130 Mass. Reg. 435.408

Current through Register 1527, August 2, 2024
Section 435.408 - Screening Program for Chronic-disease and Rehabilitation Hospitals
(A)Introduction. The screening program applies to all in-state and out-of-state chronic-disease and rehabilitation hospitals, except those participating in a managed-care program for all inpatients (see 130 CMR 435.402 ). The screening program described in 130 CMR 435.408 is intended to ensure that medical and nursing services are medically necessary. The Division pays for chronic-disease and rehabilitation hospital services only when the Division or its agent determines, pursuant to a screening, that such services are medically necessary and authorizes such services prior to admission or conversion.
(B)Screening.
(1) To initiate admission or conversion screening, the hospital must telephone the Division or its agent prior to the proposed admission or anticipated conversion and must:
(a) describe the medical condition that necessitates a chronic-disease or rehabilitation hospital admission or continued stay; and
(b) state the anticipated length of stay.
(2) The Division or its agent applies the level-of-care criteria stated in 130 CMR 435.409 or 435.410, whichever is applicable, to determine the medical necessity of the proposed admission or continued stay, as well as the anticipated length of stay.
(3) If the Division or its agent determines that the proposed admission or continued stay is not medically necessary and denies authorization for such admission or continued stay, the hospital may appeal the denial as stated in 130 CMR 435.408(C).
(4) If the Division or its agent determines that the proposed admission or continued stay is medically necessary, the admission or continued stay will be authorized with a specified, approved length of stay, and the hospital will be issued a preapproved screening number to be used when billing for the hospital stay.
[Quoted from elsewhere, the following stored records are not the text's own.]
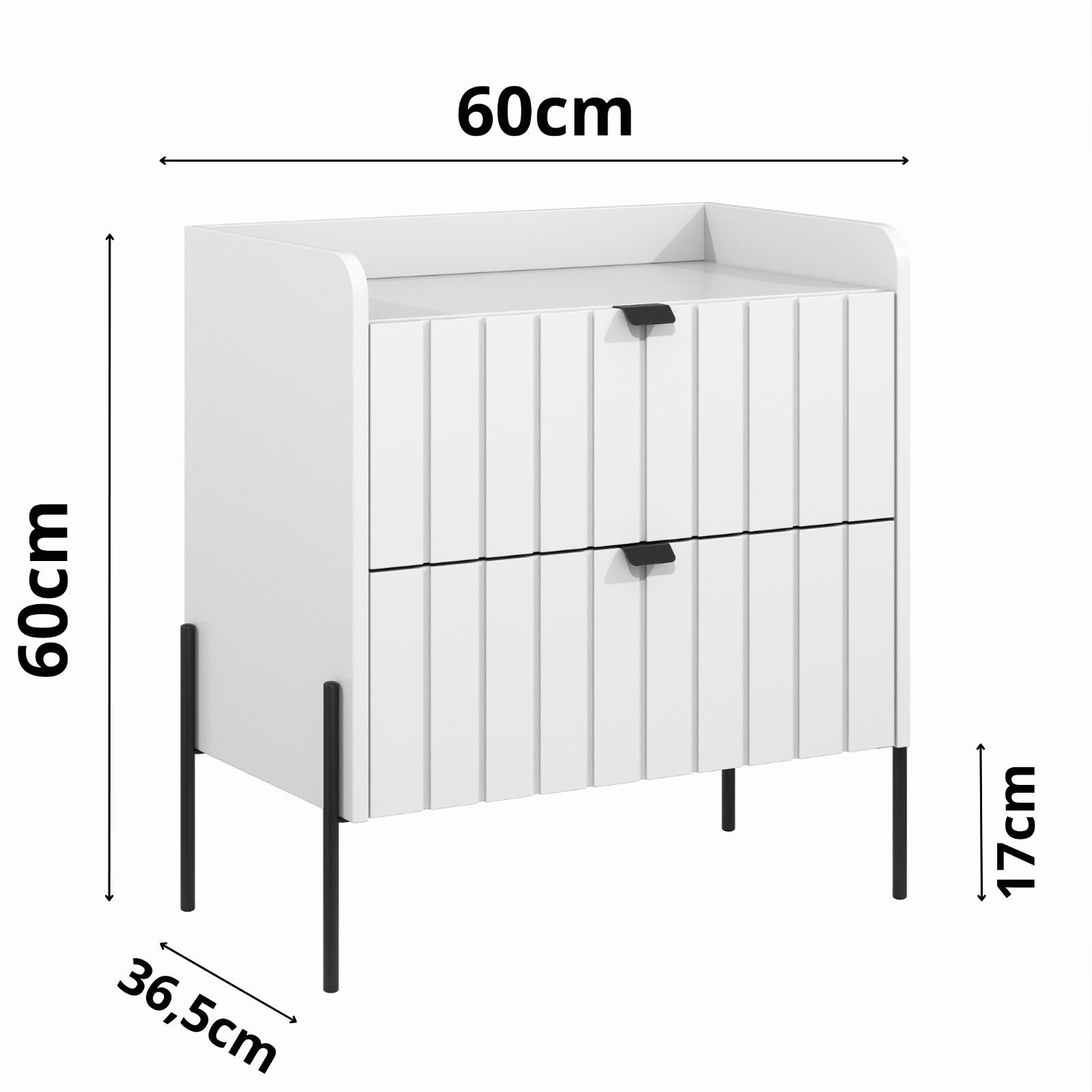 Mesinha de Cabeceira Vênus 60cm Móvel 100% em Mdf Praticidade Ao Lado da Cama com 2 Gavetas:connect - 7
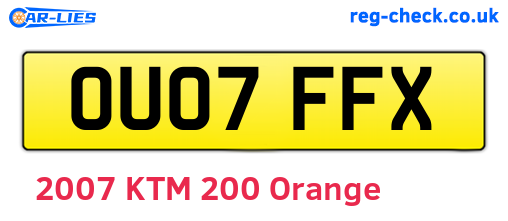 OU07FFX are the vehicle registration plates.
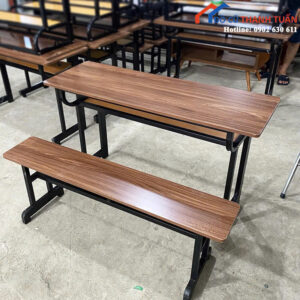 Bàn Ghế Học Sinh Cũ 1M2x40CM Màu Nâu Hiện Đại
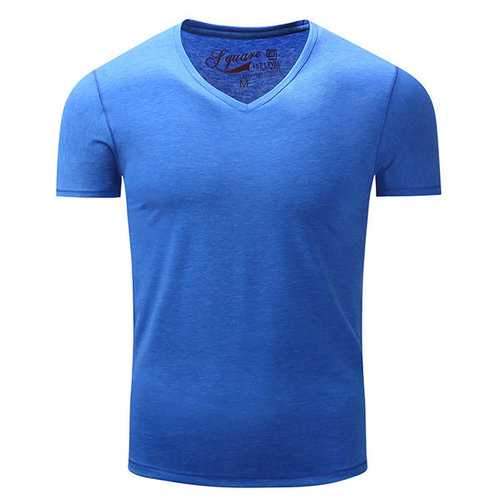 Mens Summer Brief Style Solid Color Basic Tops V-neck Short Sleeve Casual Cotton T-shirt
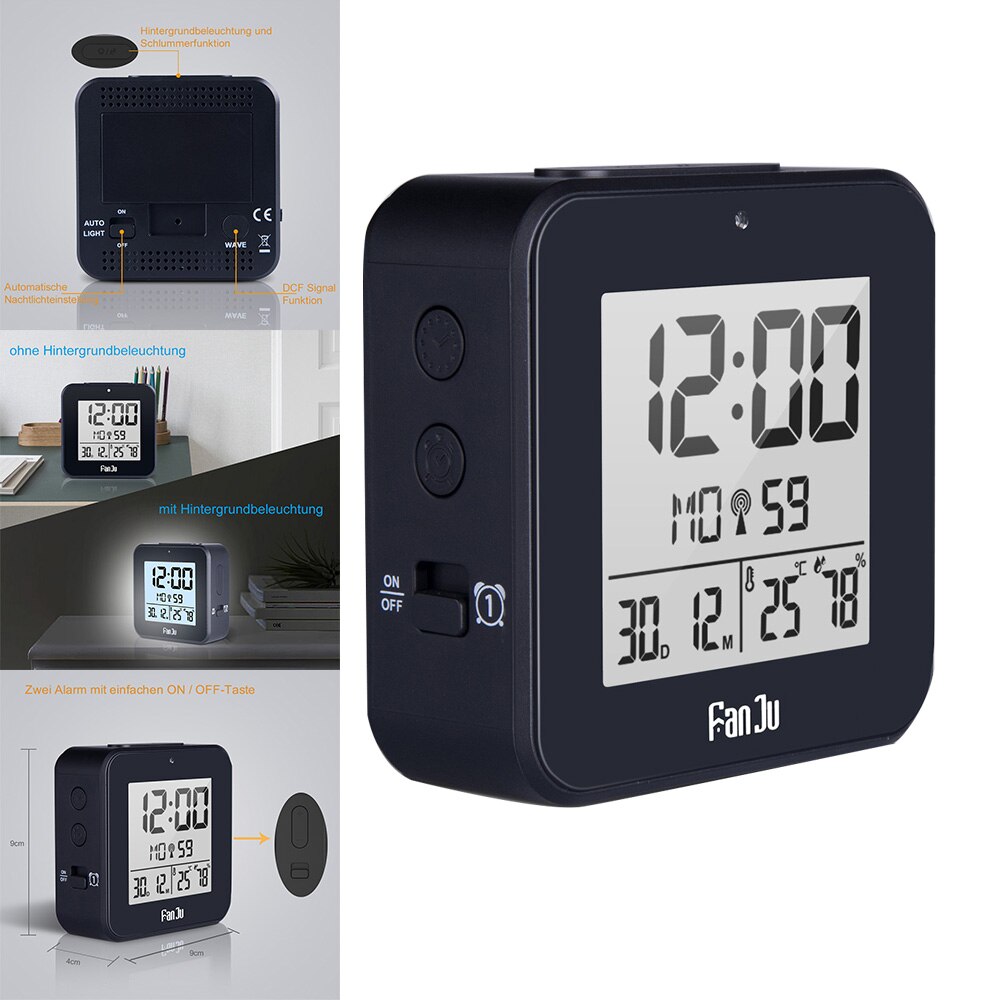 Digital Alarm Clock LED DCF Radio Dual Alarm Automatic Backlight Electronic Temperature Humidity Table Time Office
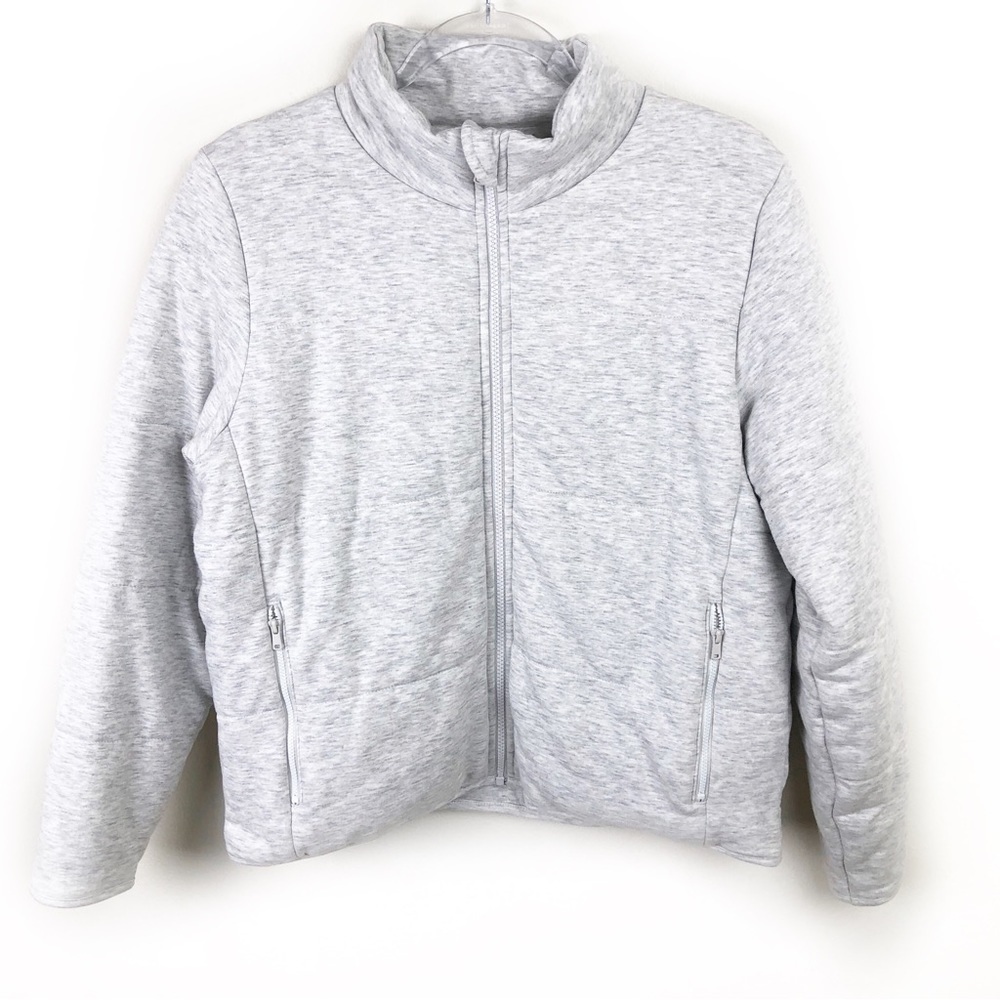 Three Dots Quilted soft jacket in light gray size: M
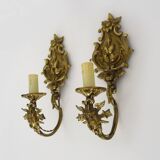 Vintage pair of 1950s gilt brass wall sconces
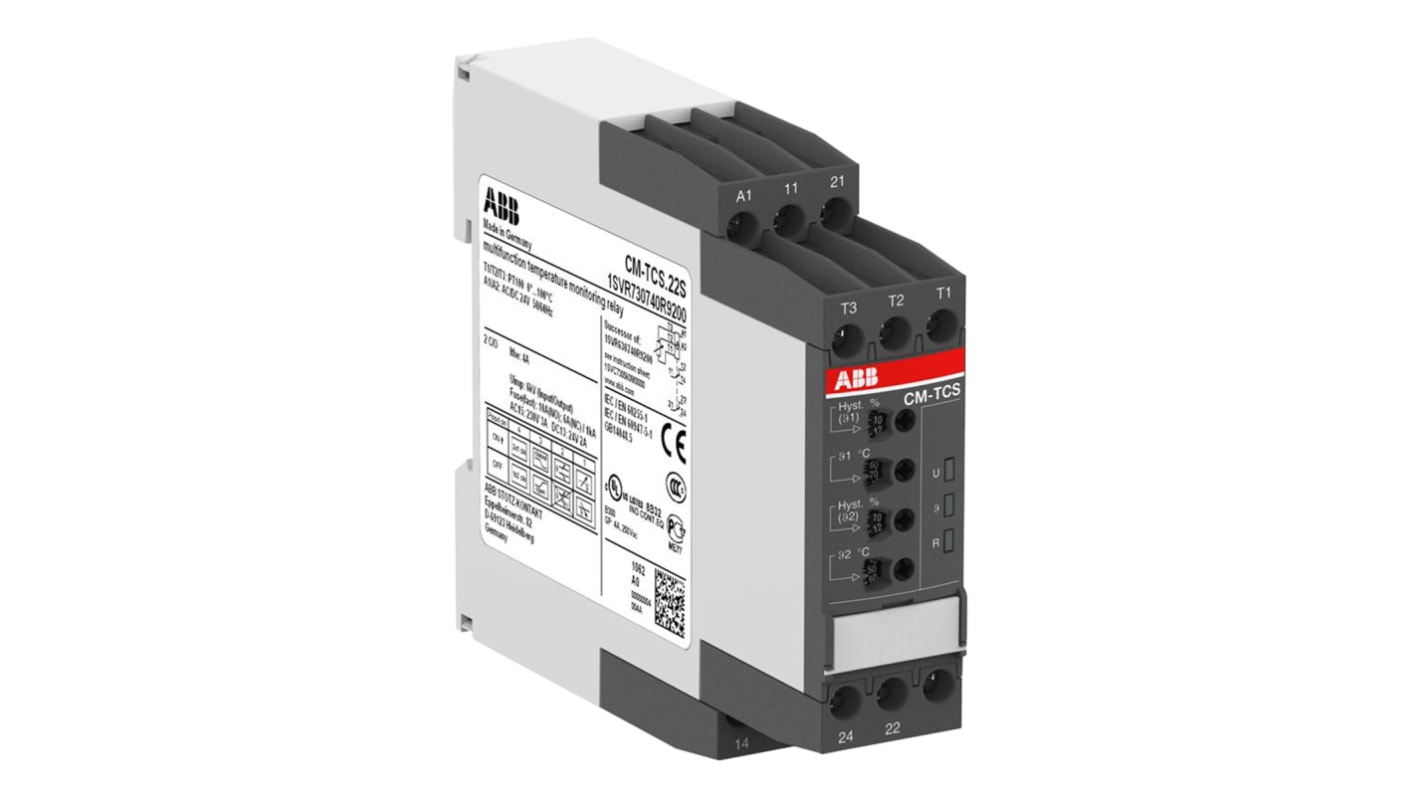 ABB Temperature Monitoring Relay, 3 Phase, SPDT, DIN Rail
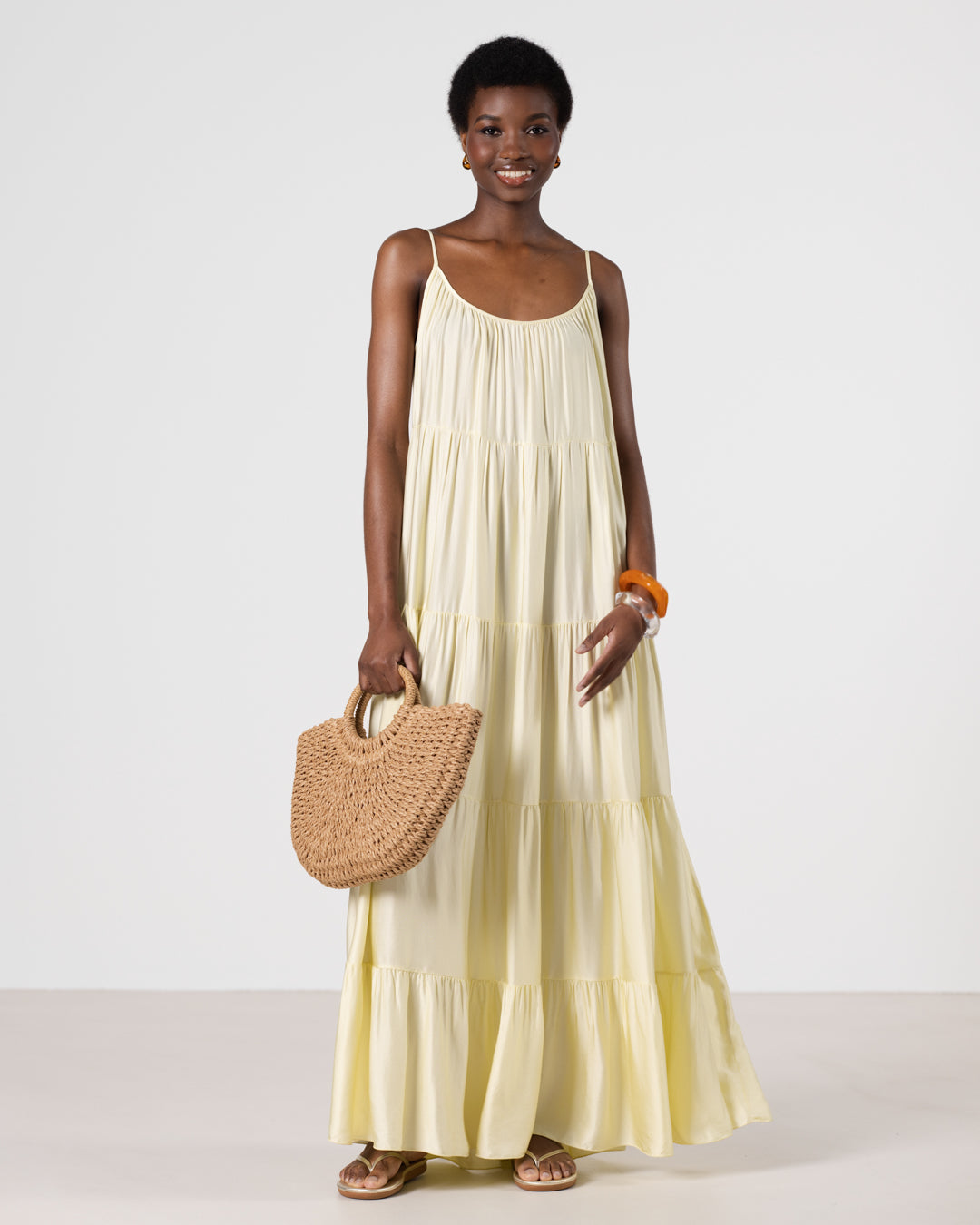 Noelle Strappy Tiered Satin Maxi Dress | Butter Yellow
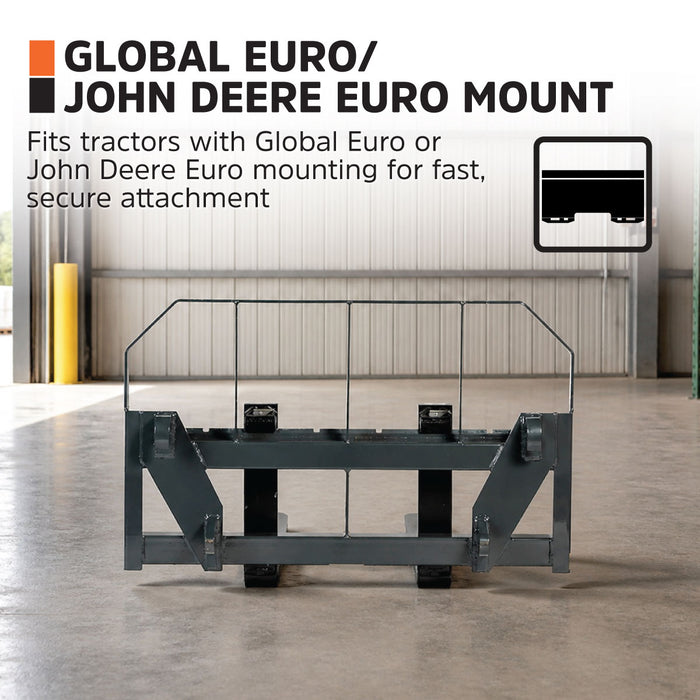 48" Pallet Fork for Tractor Loader, Global Euro / John Deere Euro Mount, Class II Forks, 4,200 lbs Capacity, TMG-TPF48GEJD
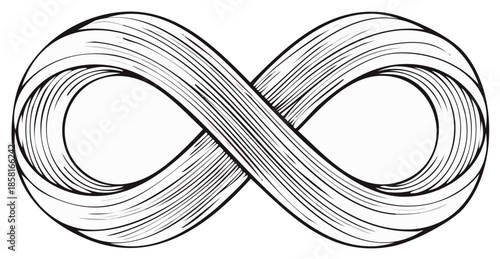 Stylized infinity symbol with textured line illustration for limitless concept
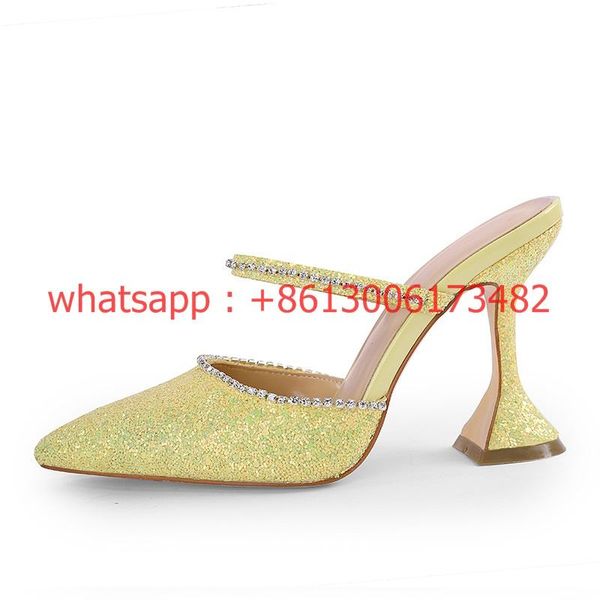 

woman bling sequins crystal embellished high heel mules candy color sequined rhinestone dress shoes, Black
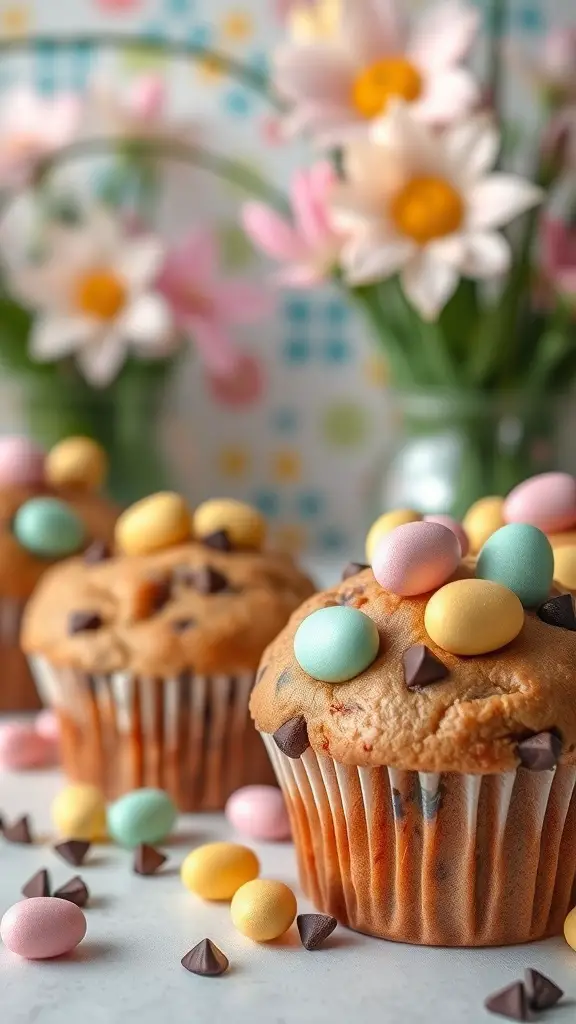 Chocolate chip muffins topped with colorful Easter eggs and chocolate chips, with flowers in the background.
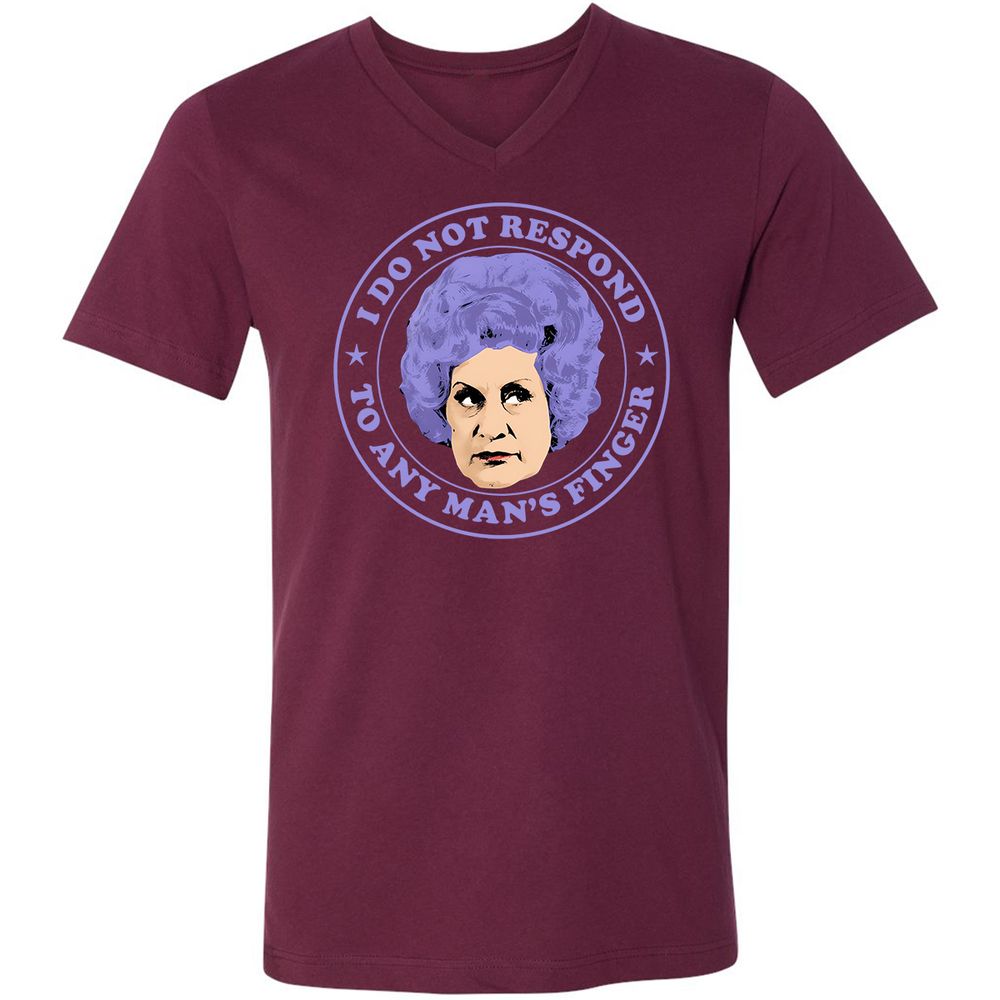 Unisex V-Neck T-Shirt - QJ1TWGS5 - Maroon - 6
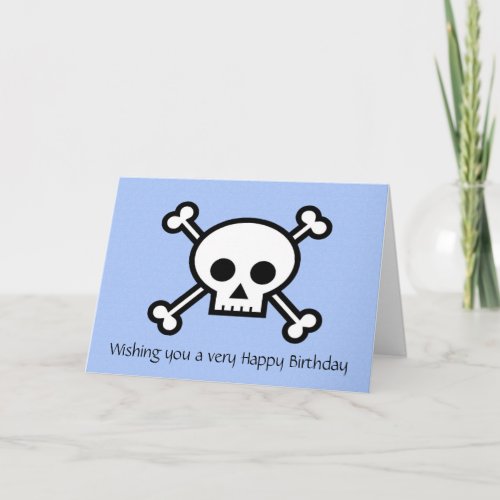 Happy Birthday with pirate skull and crossbones Card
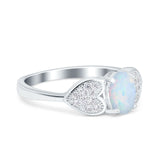Fashion Heart Ring Oval Lab Created White Opal 925 Sterling Silver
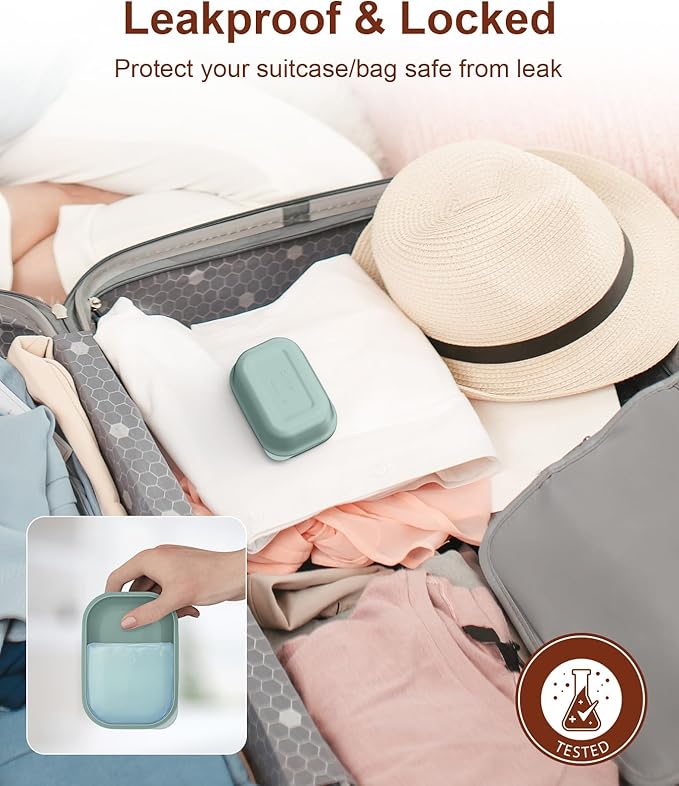 Quatish Leakproof Soap Dish with Lid & Draining Layer, Shatterproof Travel Bar Soap Holder Case Container, Portable Travel Size Toiletries Essentials for Camping, Gym, Bathroom, Greygreen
Approval may be given by telephone; however, authorization for payment is contingent upon receipt of written authorization from the Division or its agent. The Division will not pay the hospital for any costs incurred after the expiration of the specified, approved length-of-stay period.
(5) Prior to the expiration of the approved length of stay, the hospital or attending physician may request an extension of the length of stay if the member continues to require hospitalization beyond the approved period. The Division or its agent will perform a concurrent review when such a request is made. Such request is subject to the screening program regulations in 130 CMR 435.408.
(6) The Division or its agent will send written notification of denial or written notification of authorization for payment and a preapproved screening number to the hospital within two working days after the completion of the screening.
(C)Review of Screening Decisions.
(1) If the Division or its agent determines that a hospital admission or continued stay is not medically necessary, the member, the referring or attending physician, or the hospital on behalf of the member, may verbally request reconsideration of the Division's determination. Requests for reconsideration must be made to the Division or its agent and will result in referral of the case to a physician consultant for decision within two working days after the date of the request.
(2) If the physician consultant determines that the hospital admission or continued stay is not medically necessary, the member, the referring or attending physician, or the hospital may request further review:
(a) by written request to the Division or its agent within seven calendar days after receipt of notice of the initial screening decision. This request must include all supporting documentation to justify the request for admission or continued stay. The Division or its agent will issue a final decision by written notice to the hospital, the member, and the referring or attending physician within two working days after the date the Division receives the request for further review; or
(b) by telephone request in order to expedite the review process. An expedited review will be conducted within one working day of receipt by the Division or its agent of the additional information requested during the telephone review. The Division or its agent will issue a final decision by telephone, followed by written notification to the hospital, the member, and the referring or attending physician.
(3) The member may appeal a decision to deny an admission or continued stay by requesting a fair hearing before the Board of Hearings in accordance with the provisions governing fair hearings ( 130 CMR 610.000et seq.).

130 CMR 435.408

Amended by Mass Register Issue 1302, eff. 12/18/2015.